Accogliere i nonni nella propria abitazione è una scelta di valore umano e familiare. Adeguare l’ambiente domestico alle esigenze della terza età è fondamentale per prevenire incidenti, facilitare la quotidianità e favorire la qualità della vita degli anziani all’interno del contesto familiare.

Come agevolare gli anziani a casa?
Per agevolare concretamente gli anziani all’interno dell’abitazione, è suggerito intervenire su più livelli: accessibilità, sicurezza, comfort e autonomia. Una delle prime considerazioni riguarda la mobilità verticale all’interno delle case su più piani. In questi contesti, l’installazione di un montascale per anziani è una soluzione tecnica estremamente efficace. Questo dispositivo, progettato per essere installato lungo la scala interna, consente a persone con ridotte capacità motorie di salire e scendere in totale sicurezza, evitando il rischio di cadute e riducendo lo sforzo fisico.
È opportuno valutare altre modifiche strutturali e funzionali per un supporto aggiuntivo ai nonni. Le porte devono avere larghezze sufficienti per consentire il passaggio di ausili come deambulatori o carrozzine. Il bagno è una delle aree più critiche: si consiglia di installare maniglioni antiscivolo, sedili per la doccia, sanitari ad altezza ergonomica e rivestimenti antisdrucciolo per i pavimenti.

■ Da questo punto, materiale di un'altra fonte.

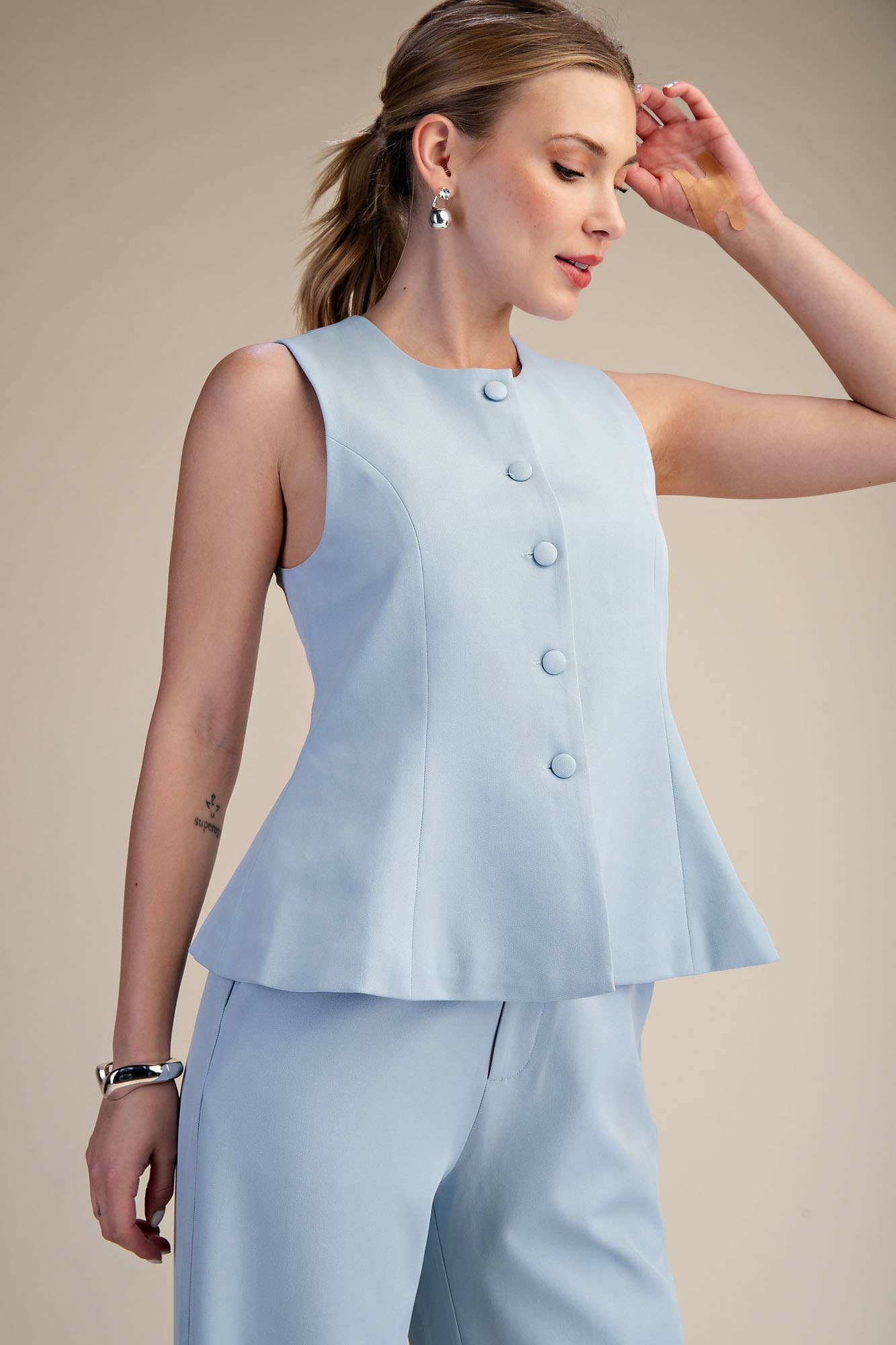 Button Peplum Vest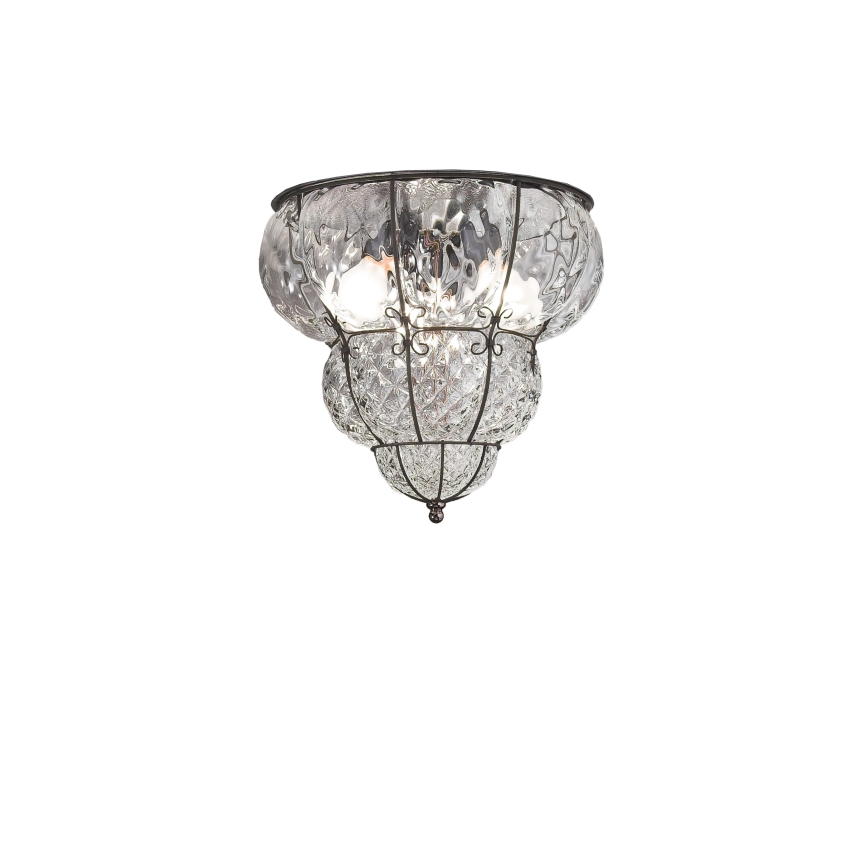 SIRU - Deckenleuchte CLASSIC 3xE14/40W/230V d 25 cm klar/schwarz Venezianisches Glas
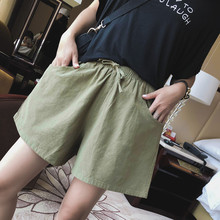 Cotton and hemp shorts women's summer high waist outside wear wide leg pants loose Korean sports pants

La casa deve essere illuminata adeguatamente, con sensori di movimento per l’accensione automatica delle luci notturne e dispositivi di chiamata di emergenza facilmente accessibili. L’adozione di tecnologie assistive, quali rilevatori di cadute e sistemi di monitoraggio a distanza, contribuisce a migliorare la sicurezza e la tranquillità per tutti i componenti della famiglia.

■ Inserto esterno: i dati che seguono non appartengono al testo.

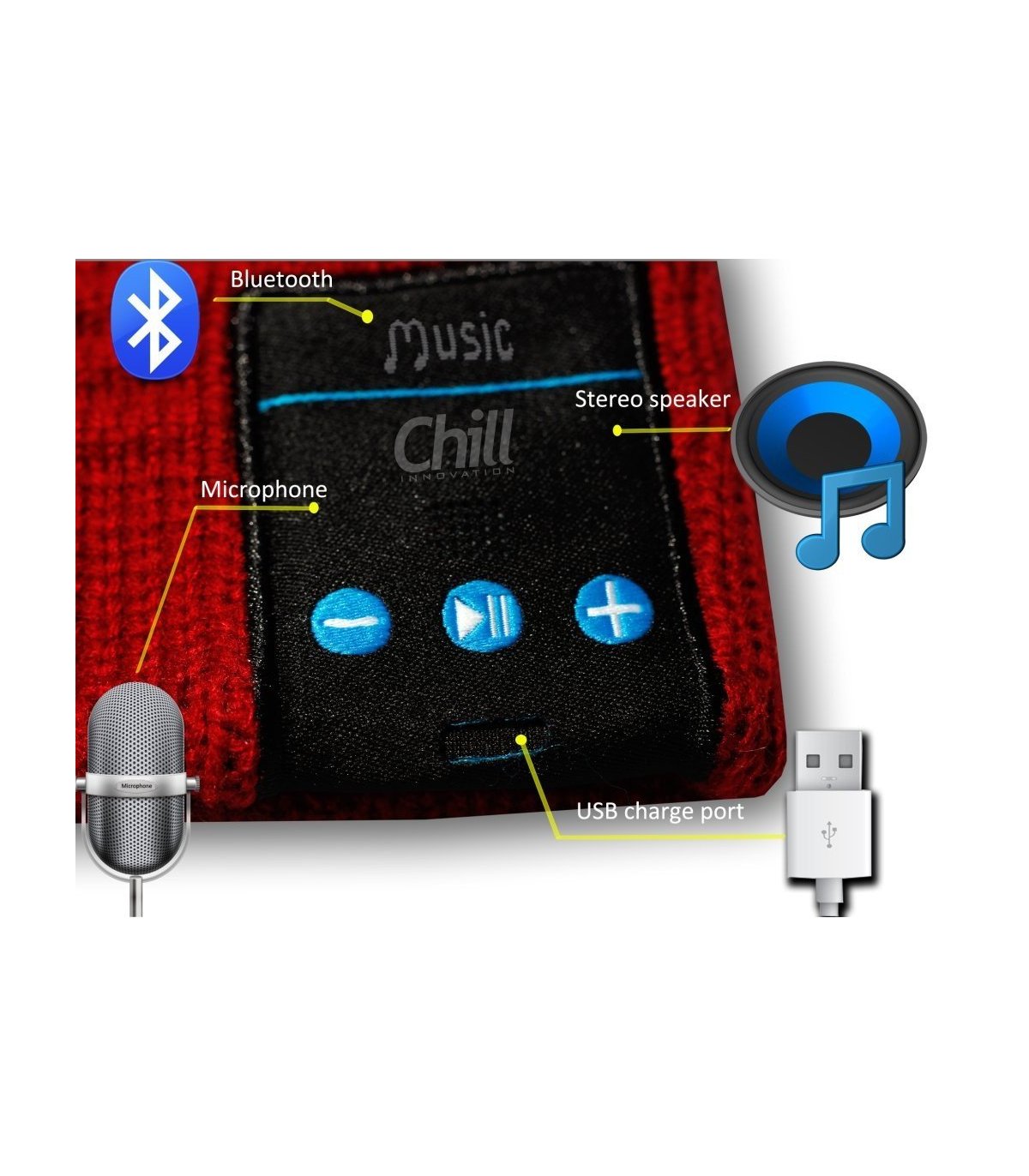 Chill trådløs Bluetooth Hodetelefon Lue, Rød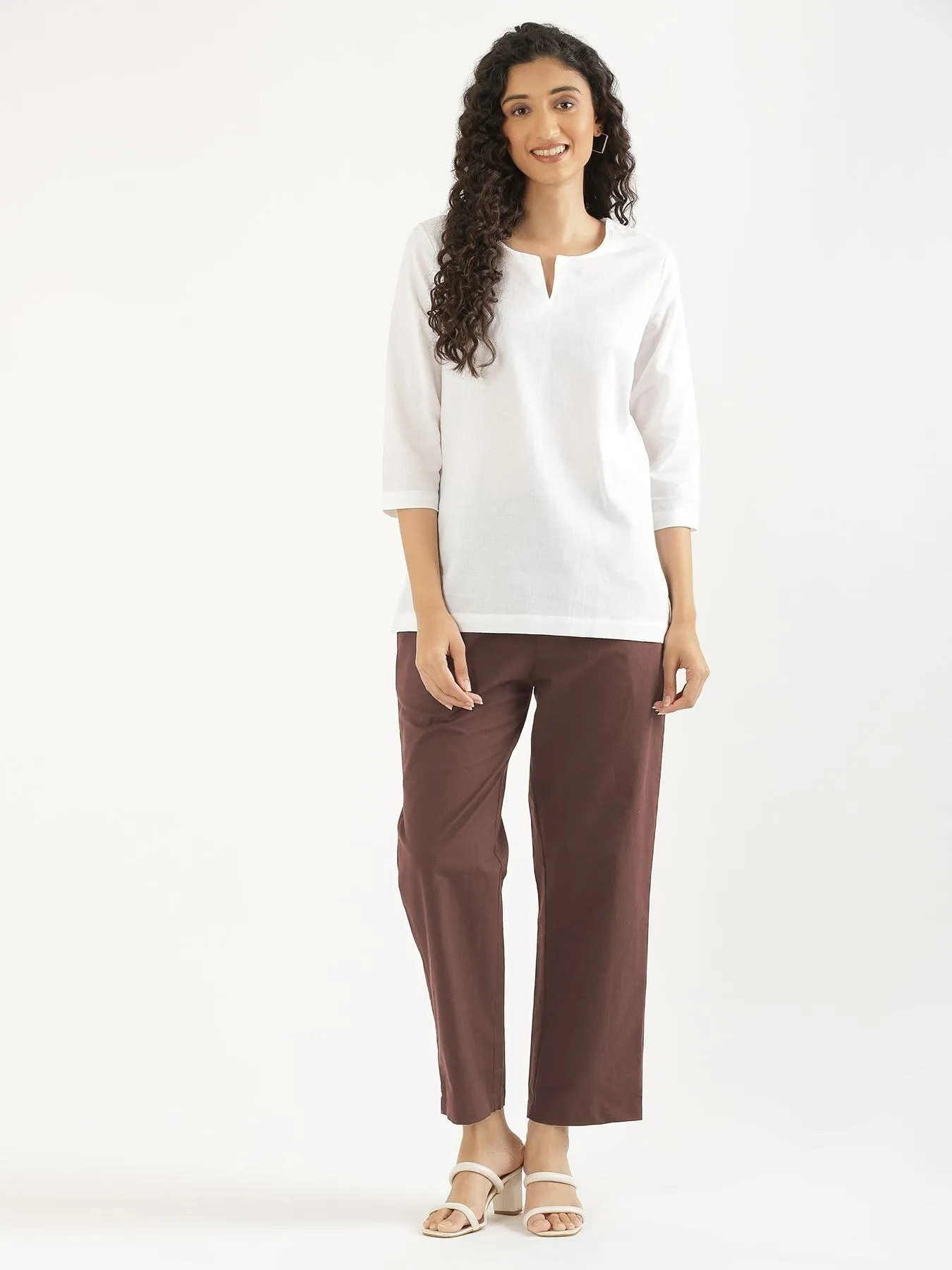 Women Mauve Brown Cotton Straight Pant - Image 3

Come far sentire i nonni a casa propria?
L’integrazione dei nonni all’interno della casa deve prevedere un’attenzione particolare all’aspetto relazionale e psicologico. È determinante che l’anziano non percepisca la propria presenza come ingombrante o marginale, ma che si senta parte integrante della vita domestica.
Uno degli elementi più importanti per far sentire i nonni realmente “a casa” è il rispetto della loro autonomia. Lasciare loro spazi personali è un plus che aiuta a mantenere un senso di identità e appartenenza. Oltremodo coinvolgerli nelle attività quotidiane, compatibilmente con le loro capacità, è utile per rafforzare il legame affettivo e mantenere la loro autostima.
Quali sono i benefici di avere i nonni in casa?
La presenza dei nonni in casa può generare numerosi benefici, sia sul piano familiare che sul piano psico-emotivo. È indubbio che l’anziano che vive con i propri cari gode di una maggiore stimolazione cognitiva e di un minor rischio di isolamento sociale, due fattori chiave nella prevenzione del decadimento neuropsicologico.
Dal punto di vista emotivo, vivere in un ambiente familiare riduce significativamente i livelli di ansia, depressione e senso di abbandono, frequenti nelle persone anziane ospitate in strutture residenziali. La sicurezza affettiva data dalla vicinanza ai familiari si traduce in un miglioramento tangibile della qualità della vita, dell’umore e della salute generale.
Per la famiglia, la presenza dei nonni è una risorsa preziosa in quanto possono trasmettere valori, offrire supporto emotivo ai più giovani e contribuire, quando possibile, alla gestione della casa e dei nipoti. Questo arricchisce il tessuto familiare, rafforzando il senso di appartenenza e continuità tra generazioni.
In un’ottica sociale ed economica, accogliere i nonni in casa può contribuire a ridurre il ricorso a strutture esterne e ai relativi costi, promuovendo un modello di assistenza domiciliare sostenibile, umano e centrato sulla persona.